At 4:00 a.m. on May 24, 2001, the mother was admitted to Labor and Delivery. Initial fetal heart rate measurements were noted to be in the 100-110 beat per minute range. The defendant physician arrived at 4:30 a.m. Shortly afterward, at 4:35 a.m., the fetal monitoring strips became non-reassuring. Oxygen was applied to the mother, and position change was employed. An internal fetal scalp electrode was not applied, and a good portion of the fetal monitoring strips thereafter were uninterpretable.
At 5:05 a.m., due to continuing concerns about the fetal heart rate, the defendant applied a vacuum extractor while the baby was at +2 station, with the vertex in the occiput position. At 5:22 a.m., the baby was delivered with a midline episiotomy under local anesthesia, with Apgar scores of 2/2/5 at 1/3/10 minutes.
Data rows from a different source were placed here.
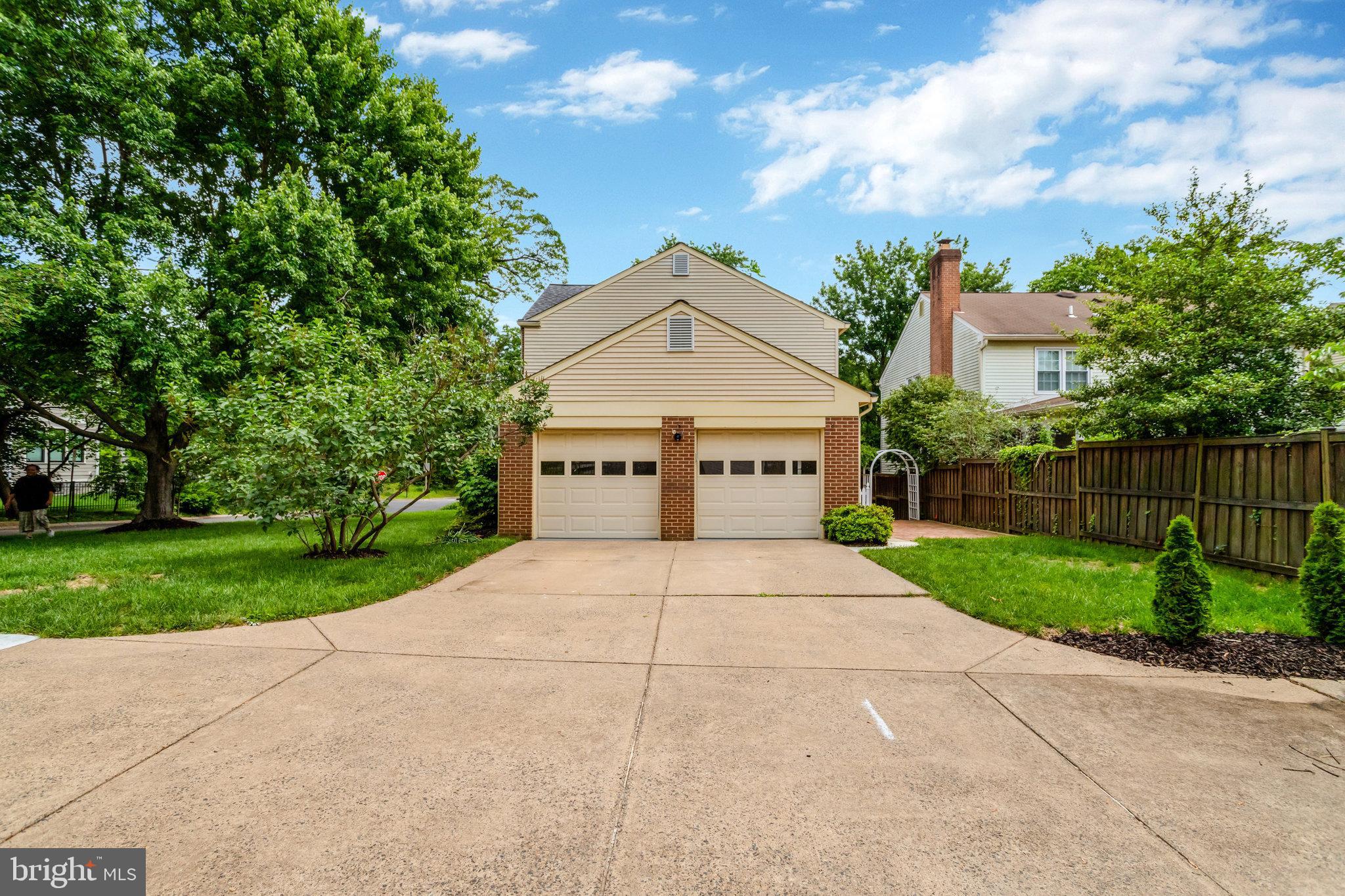 ASHTON HEIGHTS - Residential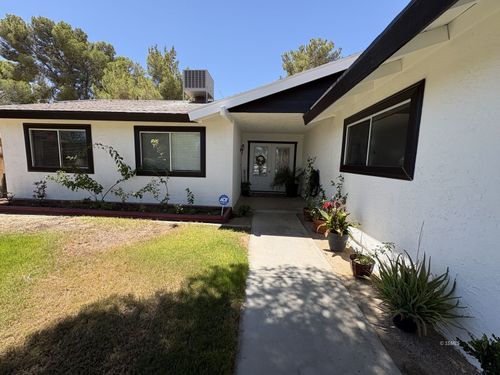 1008 Sherri St, Ridgecrest, CA, 93555 | Card Image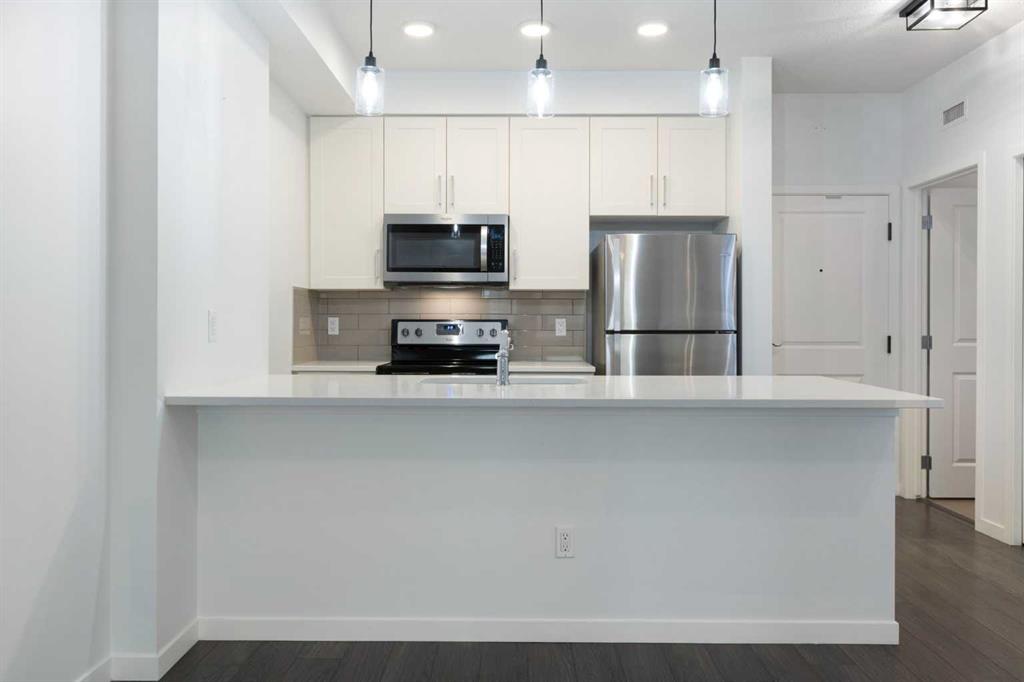 Picture for 301, 10 Mahogany Mews SE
When the plaintiff was born, resuscitation was necessary, and she was intubated.
The plaintiff was diagnosed with metabolic acidosis and persistent pulmonary hypertension while admitted at the hospital. Additionally, she demonstrated irritability though fisting, clonus and bicycling movements.
Following discharge from the hospital, an MRI of the brain demonstrated findings consistent with the chronic phase of profound asphyxia. The plaintiff suffered from aspiration pneumonia and gastroesophageal reflux and failure to thrive and required the insertion of a gastronomy tube. She then went on to develop a spastic quadriplegia and developmental delay.
The plaintiffs contended that the defendant’s failure to employ an internal fetal scalp electrode was a breach of accepted standards of care, and prevented the defendant from knowing the true status of the baby’s condition, and led to an inappropriate decision to move forward with operative vaginal delivery rather than taking further resuscitative measures during labor and potential cesarean section.
The defense contended that the fetal tracings were intermittently reassuring, that the mother was combative during labor and that the extremely rapid pace of labor made the defendant’s anticipation of imminent vaginal delivery logical, and therefore his decision to forego a cesarean section was within accepted standards of medical care.
The case settled after parties and witnesses were deposed and expert reports were exchanged.